There is a fine line to be trod between respecting the lifestyle and beliefs of the gypsy and traveller community, who the Scottish Government has said they will recognise as an ethnic group, and respecting landowners’ rights. Those who own or manage land in rural areas have to negotiate difficult situations when a group decides to set up camp on their land, often because they have no-where else to go. Their ability to move around the country is a key part of their ethnic heritage and identity. Some travellers will settle for part of the year, some will constantly be on the move and require places to stop along the way. And in deciding to move on a group of travellers, under Human Rights legislation, this action must be proportionate and necessary. Guidance was issued by the Scottish Executive in 2004. As has been seen, even when a group of travellers purchase the land they wish to set up camp on, there is no guarantee they will be granted permission to do so by the local authority.

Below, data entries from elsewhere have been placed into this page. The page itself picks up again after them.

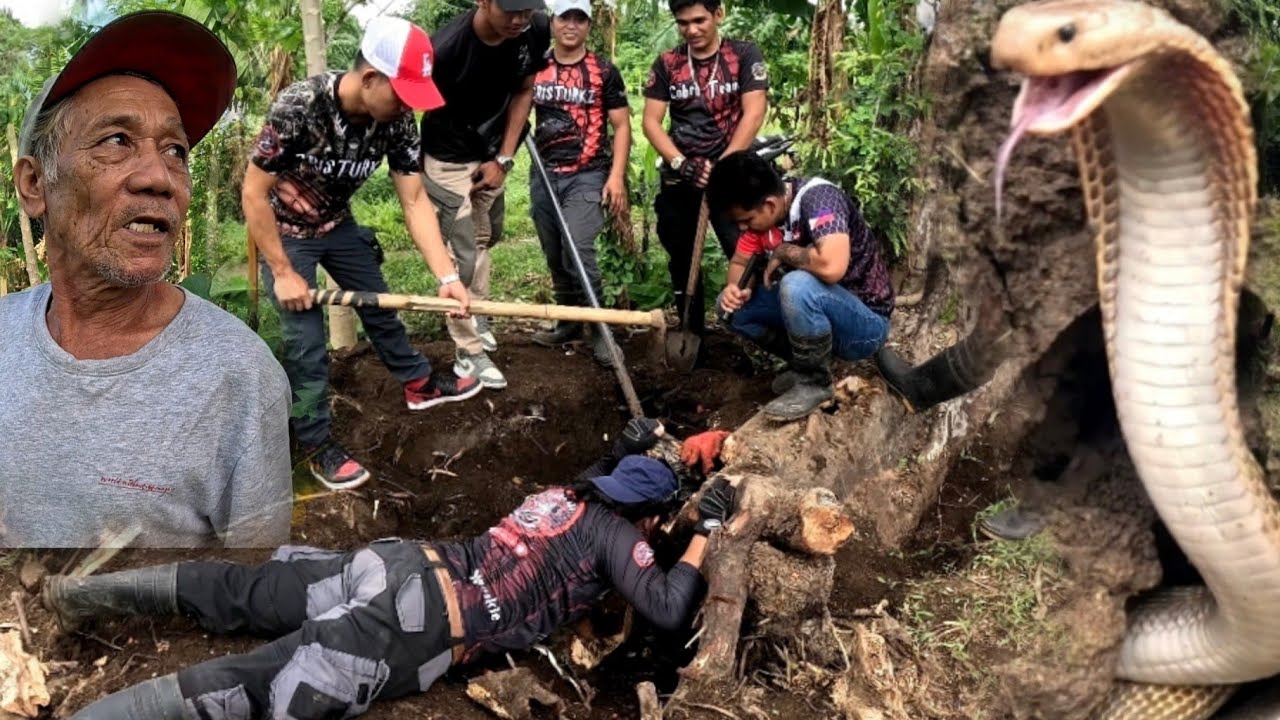 MARAMING COBRA ANG NAGLUNGGA SA NAKATUMBANG PUNO #cobraking #cobraprince #tolcobra #rescue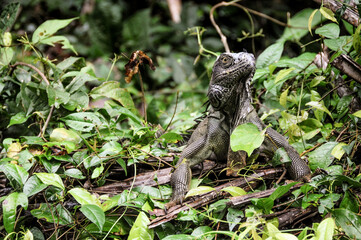 green iguana in a field of grass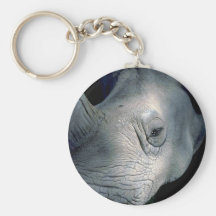 Weißes Nashorn-Kopf Schlüsselbänder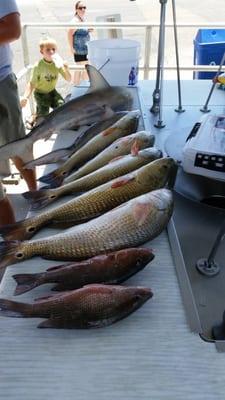 Sanibel Island Fishing Charters 
Gulf Coast Marine Excursions
http://www.gulfcoastmarineexcursions.com
239-240-1128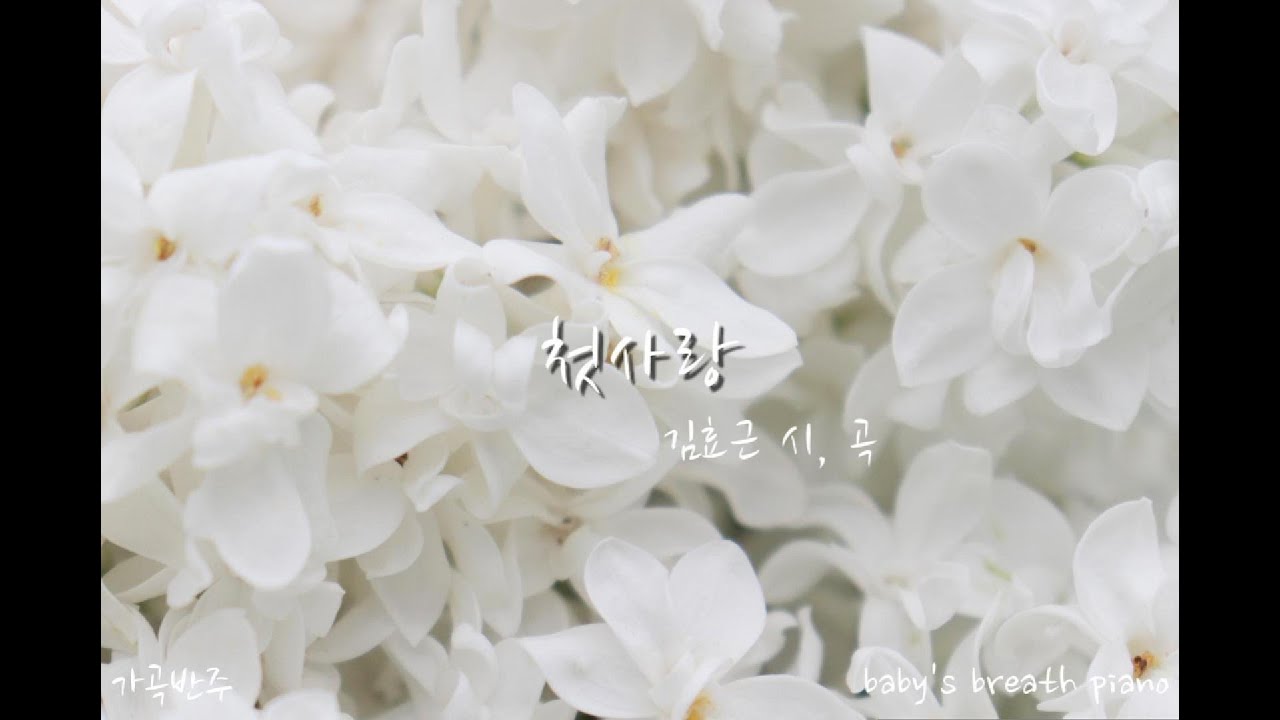 [가곡반주] 첫사랑ㅣ김효근 시, 곡ㅣ피아노 반주 MR (가사有/ Db Major)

Where the travellers do not own the land, a camp such as this will in the eyes of the law be unauthorised if the permission of the landowner has not been sought and given. What can a landowner do about a situation like this? The legislation that governs this is found in the Trespass (Scotland) Act 1865, along with the Roads (Scotland) Act 1984, the latter Act being relevant as travellers will often chose an unauthorised site just off the public road, an area of which is regulated by the Act; in this case the verge is likely to be the area used. If a camp is set up, a landowner is easily able to evict, either themselves (provided they do no damage to property or cause any injury to anyone) or better still, via an interdict which will order the unauthorised persons off the land. If necessary, the police can enforce this.
If the landholding is large, with travellers occupying a distant and small area and doing so peacefully and responsibly, the landowner may be happy to tolerate this albeit for a temporary time. But difficulties can arise where anti-social behaviour is obvious – accumulating rubbish, noise pollution, or unpleasant behaviour by the travellers towards the landowner, or the community as a whole. This kind of situation, it should be noted, is not typical but can and does occur and can be a headache for all those living nearby. A common sense approach from both the landowner and the travellers is what is needed to resolve any situations amicably.
What should the local authority do about it? Ideally, there should be a location designated for travellers, but where there is, the standard of facilities can vary. A local authority acting in a positive way will initiate refuse collections and may even provide temporary sanitation facilities, perhaps for a small charge. The cost of being proactive will often be far less than the bill for removal and clean up of an unauthorised settlement. But there are still areas where there are no provisions made, which would only exacerbate the problem experienced by landowners.
As has been the case with Dale Farm and the recent dispute at the settlement in Meriden, the very existence of these camps has generated vocal protest for and against the rights of the travelling community.